-- Opening Marker --
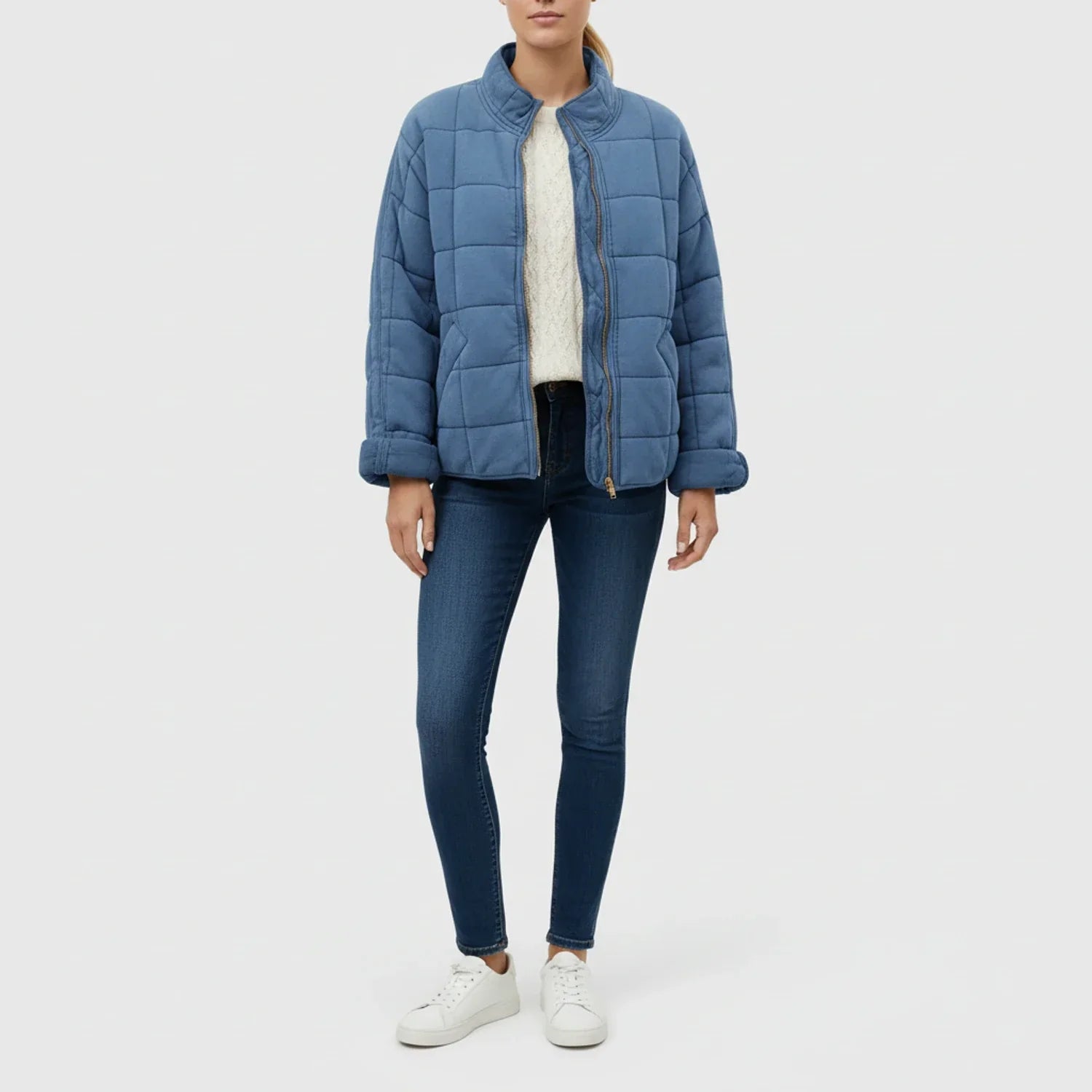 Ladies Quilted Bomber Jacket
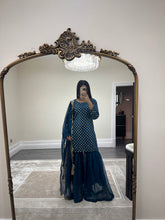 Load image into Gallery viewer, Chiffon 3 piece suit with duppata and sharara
-- Closing Marker --
-- Opening Marker --
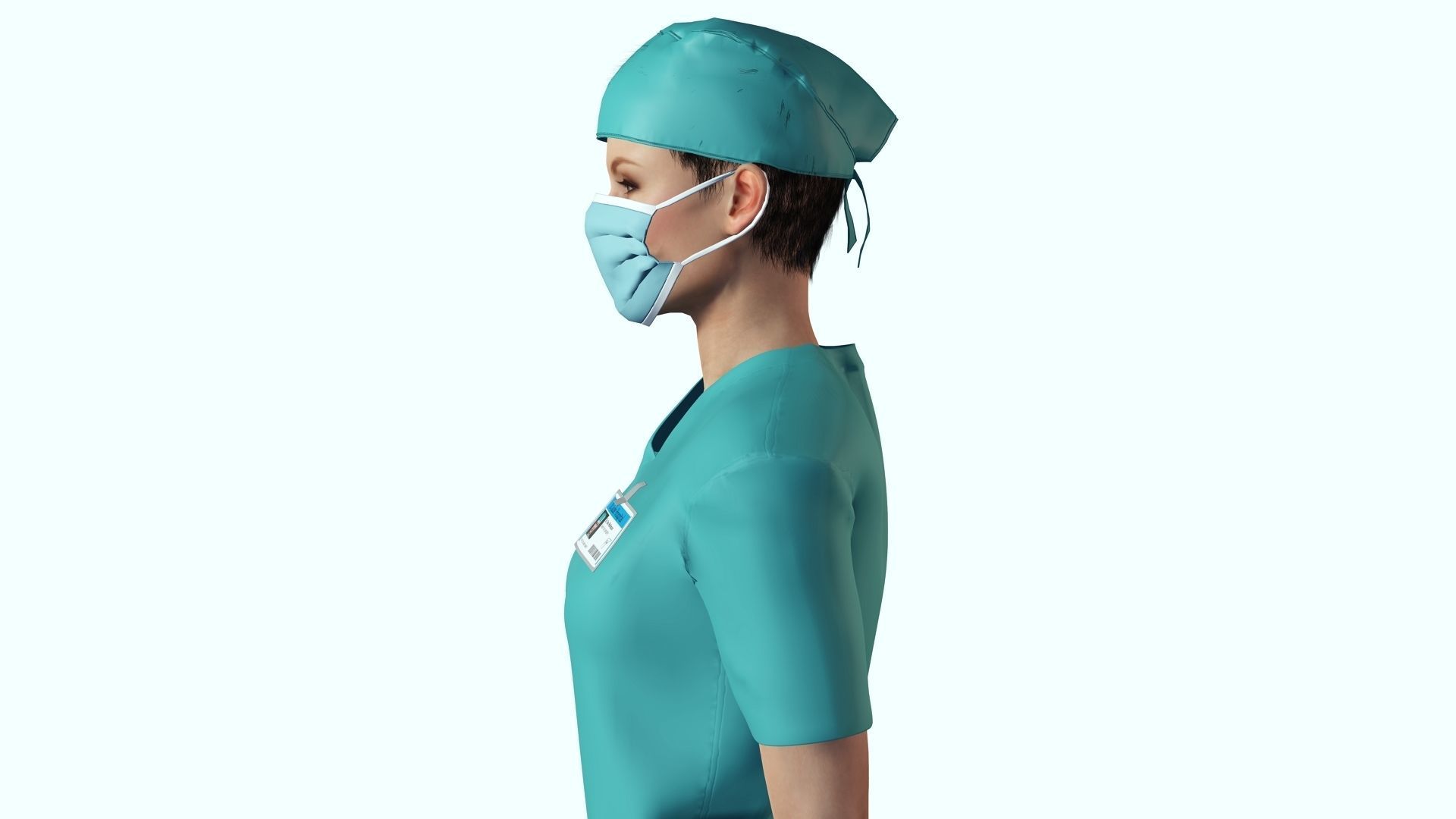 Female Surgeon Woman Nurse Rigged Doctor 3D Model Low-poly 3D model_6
-- Closing Marker --
-- Opening Marker --
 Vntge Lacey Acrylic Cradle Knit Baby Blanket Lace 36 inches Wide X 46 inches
-- Closing Marker --
• [Instructions for the task]:
Above are the records. Copy word for word only their lines from the one holding "Ladies Quilted Bomber Jacket" through the one holding "Load image into", both included, and skip the images.

• [Exercise answer]:
 Ladies Quilted Bomber Jacket
 Load image into Gallery viewer, Chiffon 3 piece suit with duppata and sharara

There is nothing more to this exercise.